That seems sort of unsolicited.. but anyway I'm a fan of "please for the love of god work". Its a pain when a build system fails, my point was that if we had two build systems and one failed then the other would work. Since scons does not work on all platforms (it could, its just a massive pain) we dropped it.
On Sat, Feb 7, 2009 at 7:52 AM, Jon Rafkind <workmin@xxxxxxxxxx> wrote:
Matthew Leverton wrote:
On Fri, Feb 6, 2009 at 8:50 AM, Evert Glebbeek <eglebbk@xxxxxxxxxx> wrote:

No, it doesn't. Having one build system that works everywhere makes
sense and is less likely to break one of them.
Maintaining two build systems for a code base that is in flux is not a
good idea from a maintenance point of view, as the example of the
Scons build falling so far behind that it no longer works and is
(temporarily?) dropped should illustrate.


My opinion is that there should only be a single build system,
regardless if people volunteer to maintain another one. If there is
only a single build system, then that will always be kept up-to-date
because obviously it must for the library to be built.


 From a users perspective I am very sympathetic to the frustration of
not being able to build a project. For whatever reason there is often a
chance that the build system provided by a project will not build on
someone's machine. In that case its nice to have an alternative build
system that might work. Let's assume scons was the primary build system
for allegro. Some people hate python.. ok, they can use cmake.
Alternatively some people hate cmake.

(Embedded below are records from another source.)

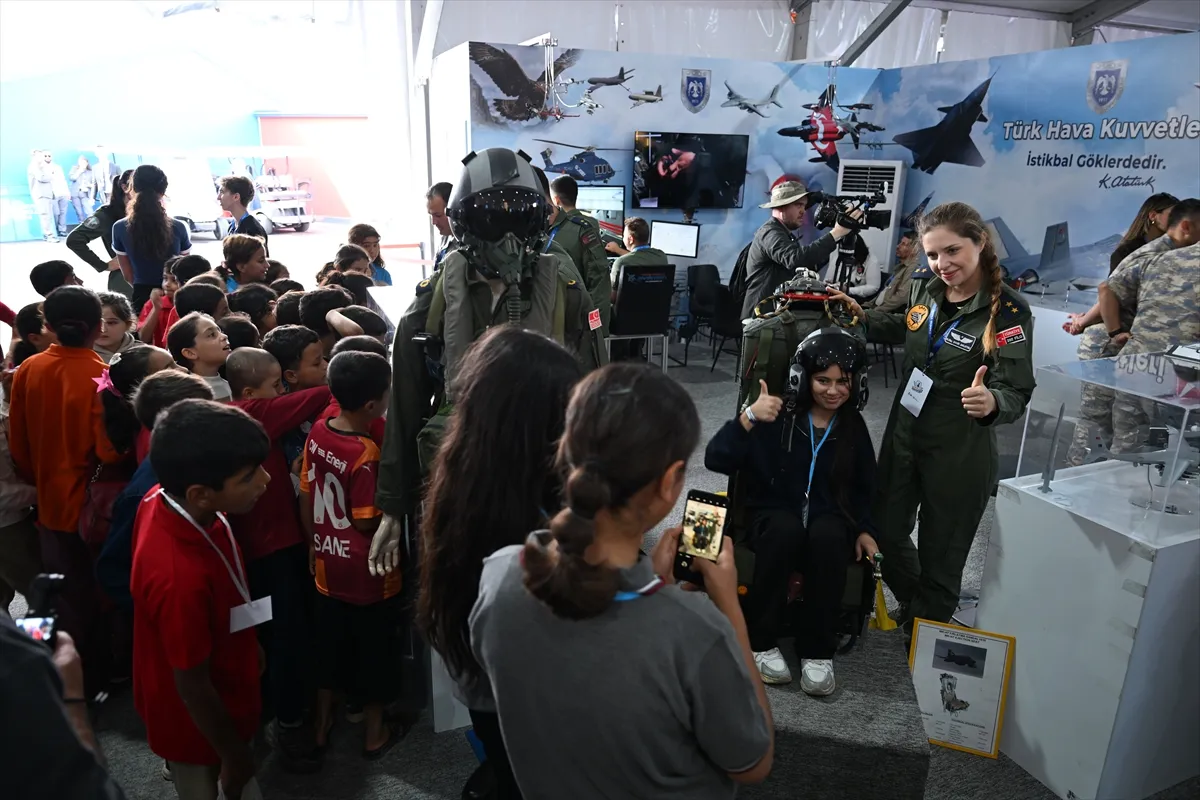 Türk Yıldızları pilotlarından gençlere havacılık çağrısı Türk Yıldızları pilotlarından gençlere havacılık çağrısı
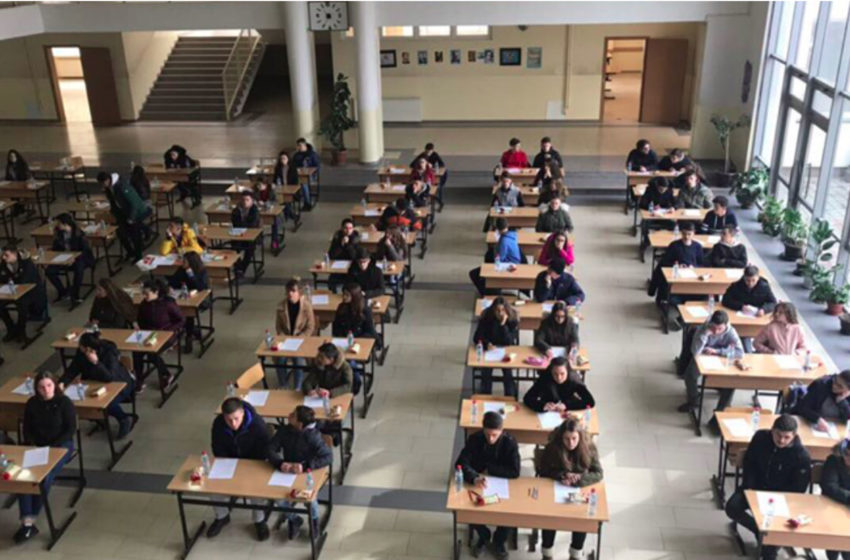  MASHTI merr masa ndaj nxënësve që kanë përdorur telefonat gjatë Testit të Arritshmërisë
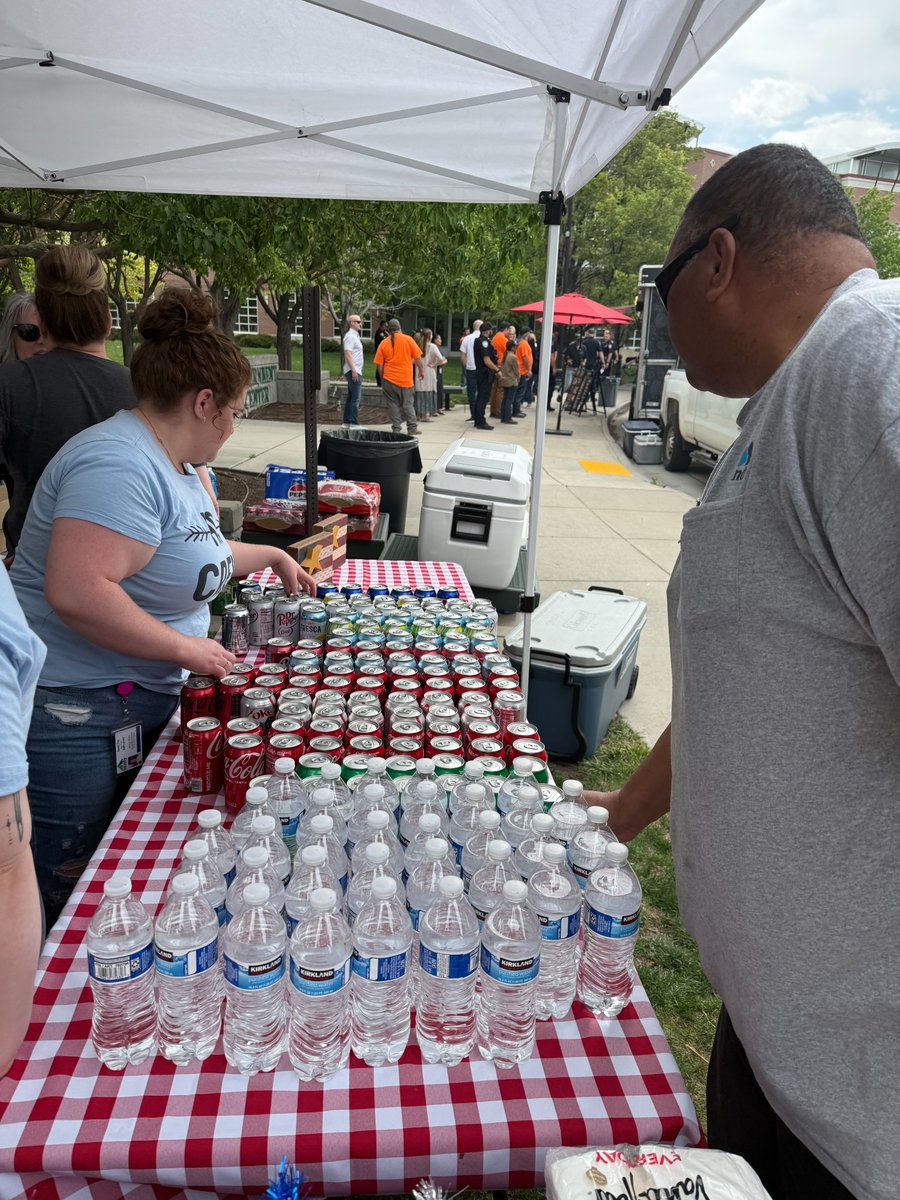 Sandy_Police's tweet photo. What a beautiful day to enjoy our Sandy Spring Employee Luncheon. 📷#EmployeeLuncheon #FoodTrucks #NationalPoliceWeek https://t.co/P6Ywx2xr3M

Ok, they can use scons.

SCons failed mostly because it doesn't contain the infrastructure
required for the complexities of Allegro. It is an elegant model and
fundamentally more powerful than cmake because it uses a powerful
language as its description language. CMake has a lot of handy stuff
built in that makes it convenient to use whereas most of that stuff has
to be built by the users of SCons, which I didn't feel like doing.
Ultimately I feel that cmake is an incremental improvement over
autotools/make in that it gives the user a more powerful toolbox, but
the toolbox is still limited. When you want to do something outside the
scope of the toolbox your choices are to write a program (sh, C,
whatever) or ask the cmake people to extend the toolbox. Maybe Allegro
will never reach the limits of the cmake toolbox, I don't know, and I'm
sure some workaround will be found anyway.